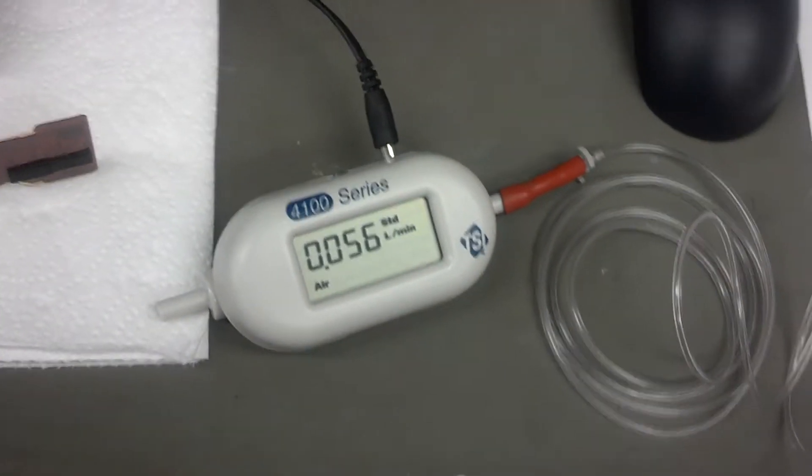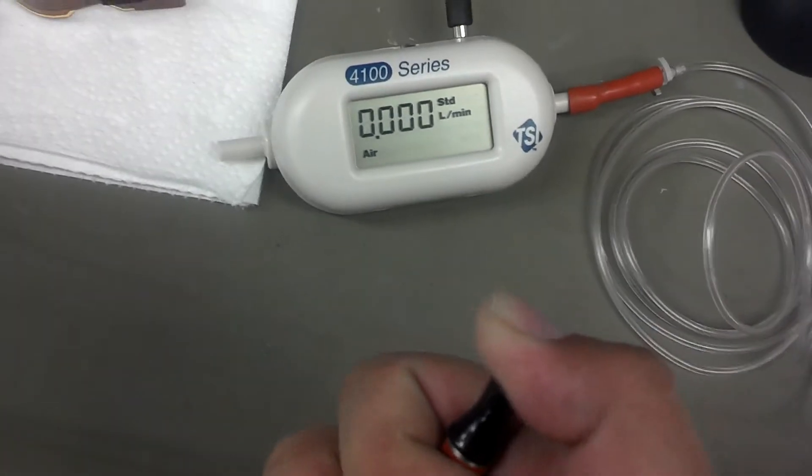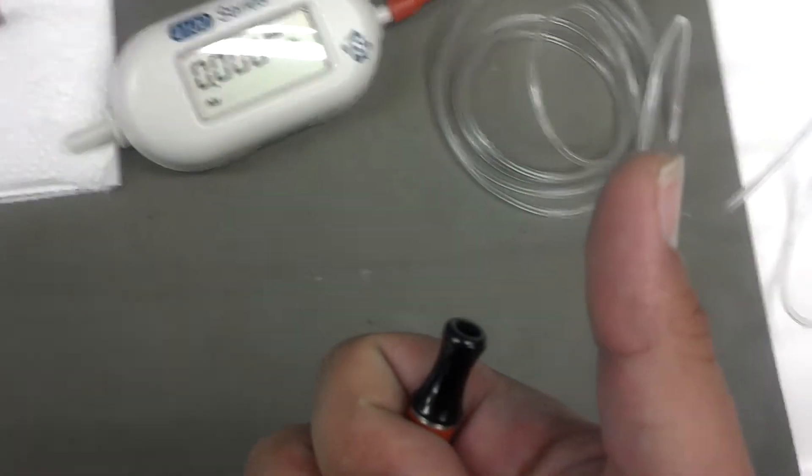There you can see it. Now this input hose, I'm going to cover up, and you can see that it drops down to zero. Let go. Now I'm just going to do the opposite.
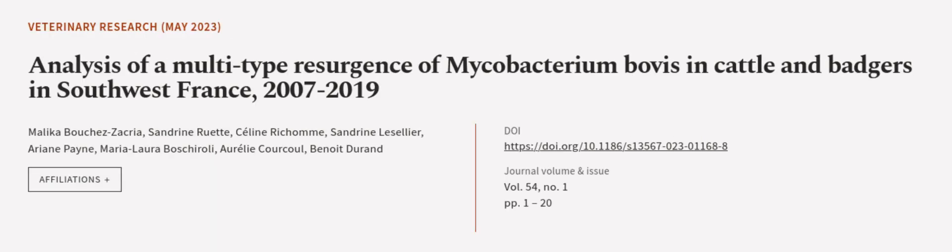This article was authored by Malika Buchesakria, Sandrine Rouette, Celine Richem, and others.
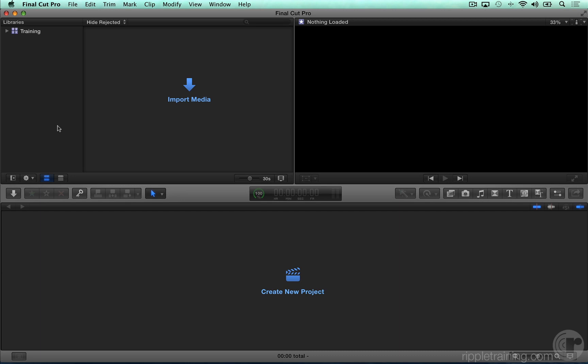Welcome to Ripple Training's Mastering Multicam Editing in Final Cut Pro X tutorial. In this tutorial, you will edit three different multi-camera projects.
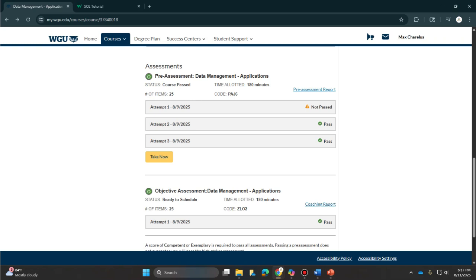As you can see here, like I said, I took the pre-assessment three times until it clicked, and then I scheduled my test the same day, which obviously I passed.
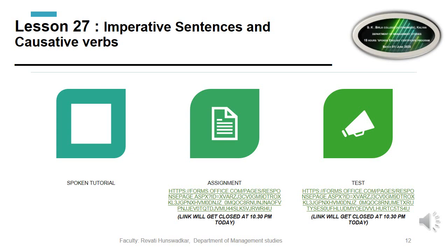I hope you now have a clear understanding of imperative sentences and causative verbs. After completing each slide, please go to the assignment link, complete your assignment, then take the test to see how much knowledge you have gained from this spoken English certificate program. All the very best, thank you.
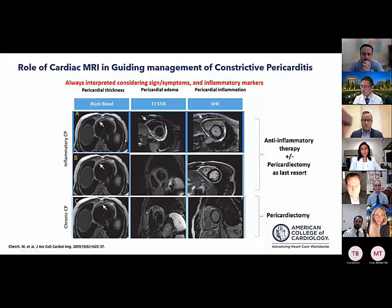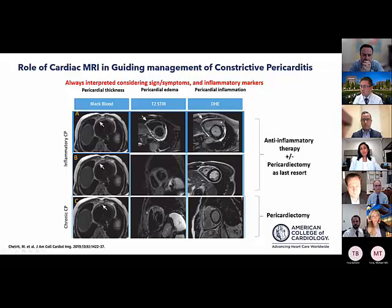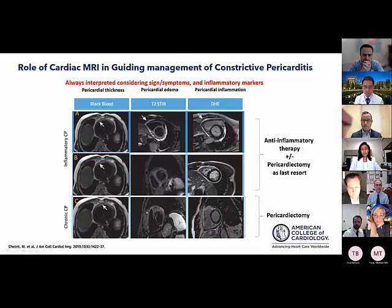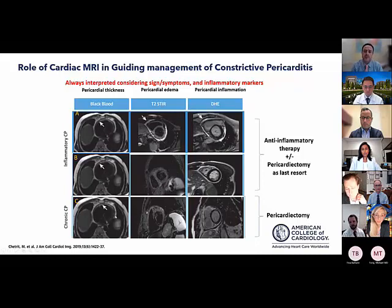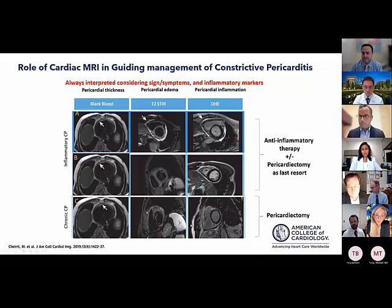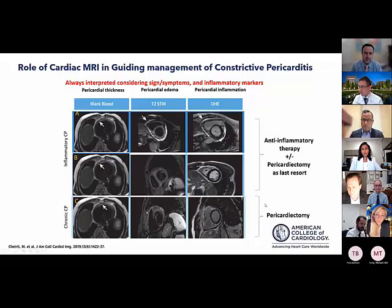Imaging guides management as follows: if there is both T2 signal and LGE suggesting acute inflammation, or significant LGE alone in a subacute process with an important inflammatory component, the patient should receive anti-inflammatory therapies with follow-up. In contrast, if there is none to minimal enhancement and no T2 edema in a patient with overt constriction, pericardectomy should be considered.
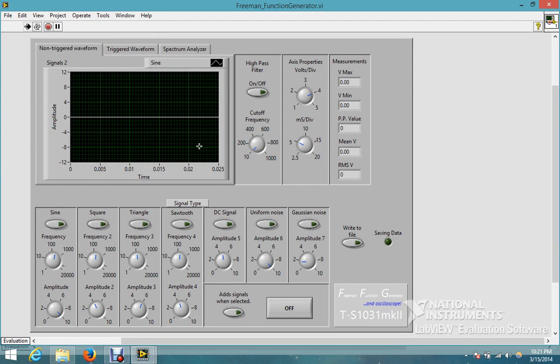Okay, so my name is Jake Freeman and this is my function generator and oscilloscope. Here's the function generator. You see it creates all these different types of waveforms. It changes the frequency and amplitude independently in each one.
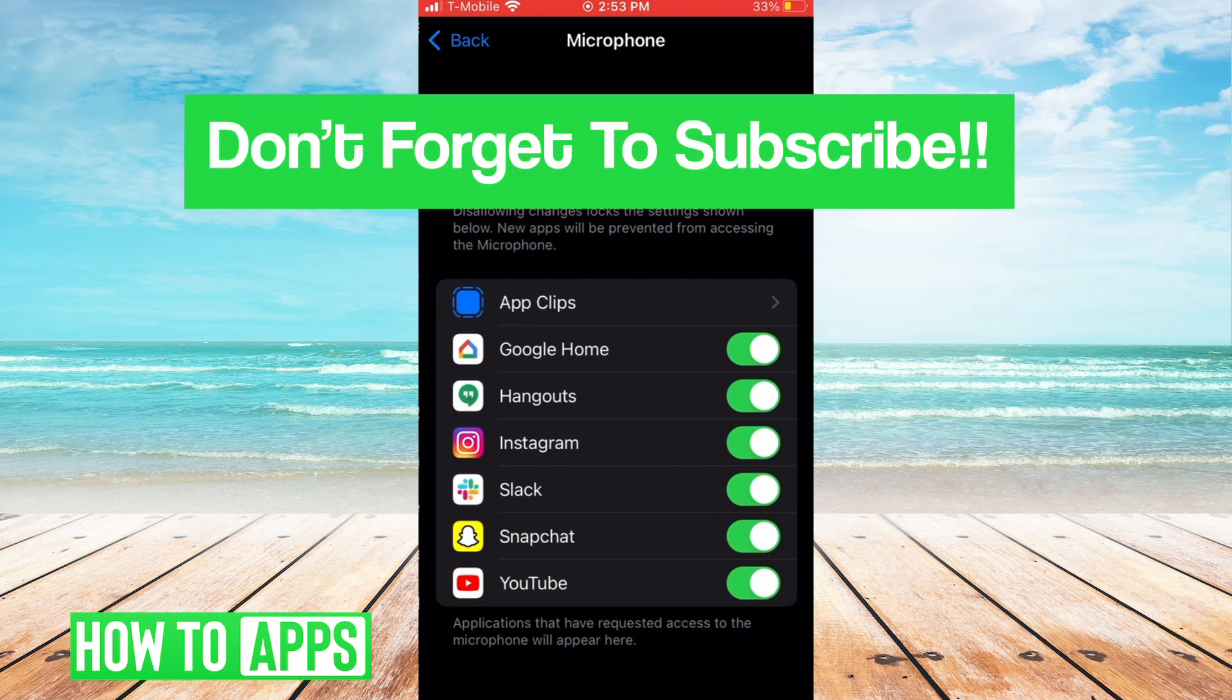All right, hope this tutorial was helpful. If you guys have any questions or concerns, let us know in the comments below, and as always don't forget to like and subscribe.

----

Provide a precise transcription of the listing, excluding each picture.

There you can see it. Now this input hose, I'm going to cover up, and you can see that it drops down to zero. Let go. Now I'm just going to do the opposite.
This article was authored by Malika Buchesakria, Sandrine Rouette, Celine Richem, and others.
Welcome to Ripple Training's Mastering Multicam Editing in Final Cut Pro X tutorial. In this tutorial, you will edit three different multi-camera projects.
As you can see here, like I said, I took the pre-assessment three times until it clicked, and then I scheduled my test the same day, which obviously I passed.
I hope you now have a clear understanding of imperative sentences and causative verbs. After completing each slide, please go to the assignment link, complete your assignment, then take the test to see how much knowledge you have gained from this spoken English certificate program. All the very best, thank you.
Imaging guides management as follows: if there is both T2 signal and LGE suggesting acute inflammation, or significant LGE alone in a subacute process with an important inflammatory component, the patient should receive anti-inflammatory therapies with follow-up. In contrast, if there is none to minimal enhancement and no T2 edema in a patient with overt constriction, pericardectomy should be considered.
Okay, so my name is Jake Freeman and this is my function generator and oscilloscope. Here's the function generator. You see it creates all these different types of waveforms. It changes the frequency and amplitude independently in each one.
All right, hope this tutorial was helpful. If you guys have any questions or concerns, let us know in the comments below, and as always don't forget to like and subscribe.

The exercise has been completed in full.